Dec 10 2007

A Brief History of Russian History, 1945-1991

Published by GlavKom at 6:51 pm under General, Historiography

[This is the first of a four-part series of posts concerning “The Past, Present, and Possible Future of Russian History in America.” For background information on this series, click here.]

A brief history of Russian history, 1945-1991

Although the scholarly study of Russia’s past may be said to have begun as early as the mid-eighteenth century with the publication of Mikhail Lomonosov’s Short Russian Chronicle (1760), Russian history, as an established academic field, is a relative newcomer to the United States.1 Originating in Slavic language programs created near the turn of the twentieth century first at Harvard (1896) then, later, Berkeley (1901) and Columbia (1915), Russian history did not truly come of age in the United States until well after the Second World War.2 After languishing for over half a decade as a woefully under funded and exotic subject principally of interest to the children of immigrants, Slavics rocketed to academic prominence thanks to the 1958 National Defense Education Act (NDEA). Passed in response to the USSR’s launch of Sputnik in 1957, Title VI of the NDEA aimed to address America’s perceived national security needs by providing for the training of international experts, especially those possessing skills in less commonly taught languages viewed critical to the nation’s geopolitical interests. Under the initial terms of the congressional mandate, the federal government funded nineteen “language and area centers” to facilitate the expansion of language instruction and related subjects in higher education. Title VI simultaneously created three other programs: modern foreign language fellowships (today known as Foreign Language and Area Studies Fellowships); international research and studies; and language institutes. Along with the language and area centers, these programs “formed a comprehensive approach to foreign language and world region education intended to prepare the United States for current and future global challenges.”3 Even though Title VI was international in scope and intentionally designed to promote the study of regions around the globe, owing to the centrality of the USSR to then contemporary American domestic and foreign policy considerations, the study of Russian language, culture, and history benefited greatly from the initial and subsequent reauthorizations of the program. More than any other factor, Title VI was responsible for the rapid development of Russian history in the United States.

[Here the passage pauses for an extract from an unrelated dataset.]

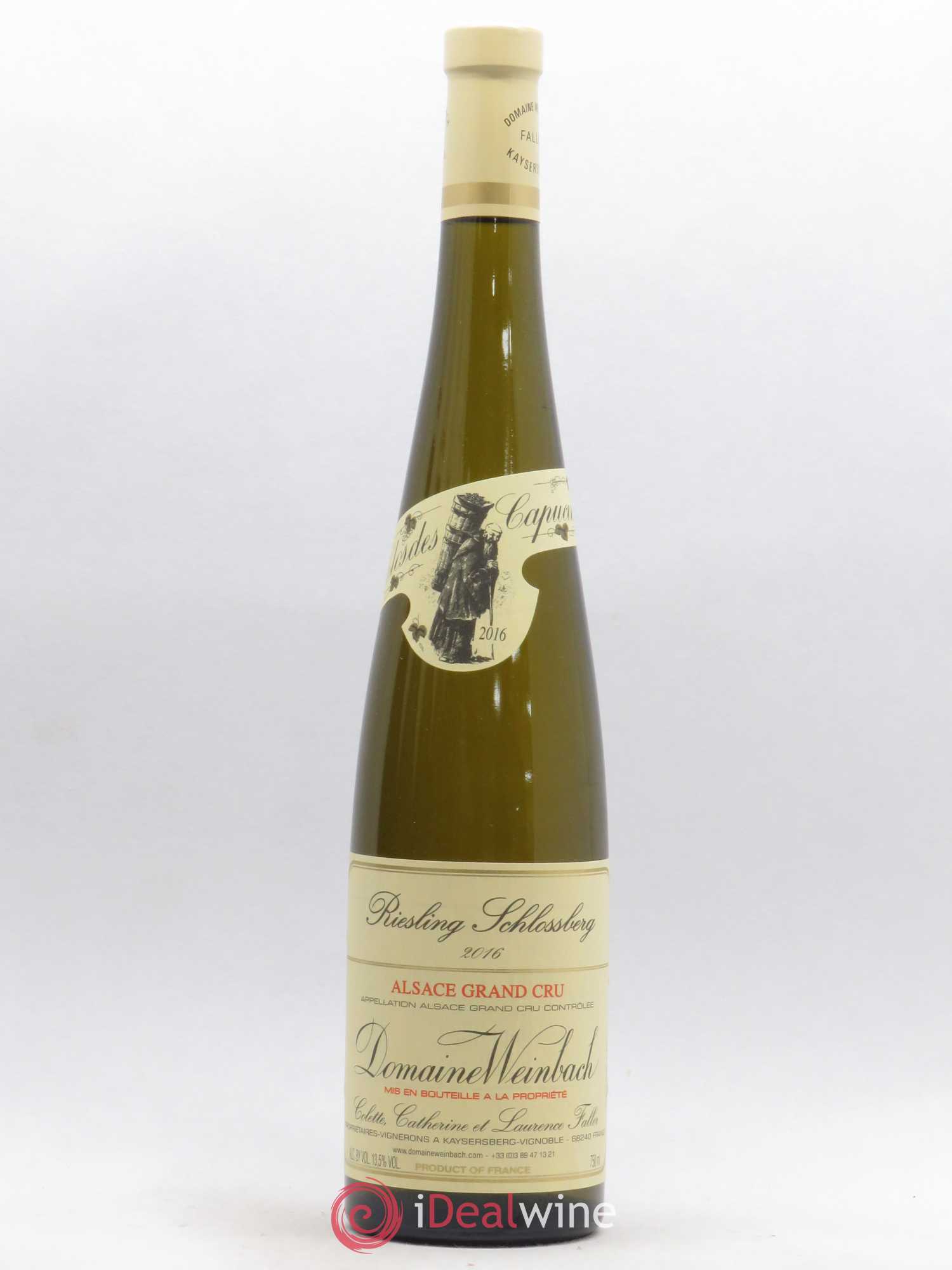 Alsace Grand Cru Schlossberg Riesling Weinbach (Domaine) Clos Des Capucins 2016 - Posten von 1 Flasche - 0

Given the highly tense geopolitical atmosphere that coincided with the earliest years of the Cold War, it is not surprising that the majority of work undertaken by the first generation of post-war Russian historians focused on attempting to explain the nature and origins of the Soviet Union’s political system. Building upon interpretations developed by liberal Russian émigré historians such as Michael Florinsky and Paul Miliukov in the years that preceded World War II and employing methodological models developed by theorists and social scientists including Hannah Arendt and Jacob Talmon, the first “school” of American-born historians of Russia saw clear parallels between the dictatorial origins of the Soviet state and the similarly dictatorial systems that had emerged in Mussolini’s Italy and Hitler’s Germany.4 Characterized by a totalist ideology, a single party state, and a fully developed secret police possessing monopoly control over mass communications, operational weapons, social organizations, and the economy, the USSR, in this view, was one of three “totalitarian” political systems that had emerged in the first half of the twentieth century to challenge American and European representative democracy.5

Largely denied access to Soviet archival documents, this first generation of post-war American historians developed their understanding of the Soviet past by focusing on the memoirs, treatises, and published sources left by the Communist Party’s founding figures.6 They argued, accordingly, that the origins of the Soviet Union’s social and political system could be traced to the intellectual inheritance and dictatorial methods of the Bolshevik Party. As with the Fascists in Italy and the Nazis in Germany, the Bolsheviks’ rise to power was understood to have been an unnecessary tragedy that derailed Imperial Russia’s slow (but democratic) development and propelled the country down an uncharted path toward centralized planning, one-party dictatorship, and state-sponsored terror. In contrast to Soviet Marxists who claimed that the Revolution was the product of a broad-based proletarian uprising, these American historians saw October as little more than a coup d’état occasioned by the crises that accompanied the First World War and orchestrated by a conspiratorial, disciplined, and monolithic Bolshevik Party under the leadership of Vladimir Lenin. Having seized power illegally and unable to win the support of the population at large, the Bolsheviks proceeded to impose their will on an atomized country through campaigns of terror, political repression, and mass murder.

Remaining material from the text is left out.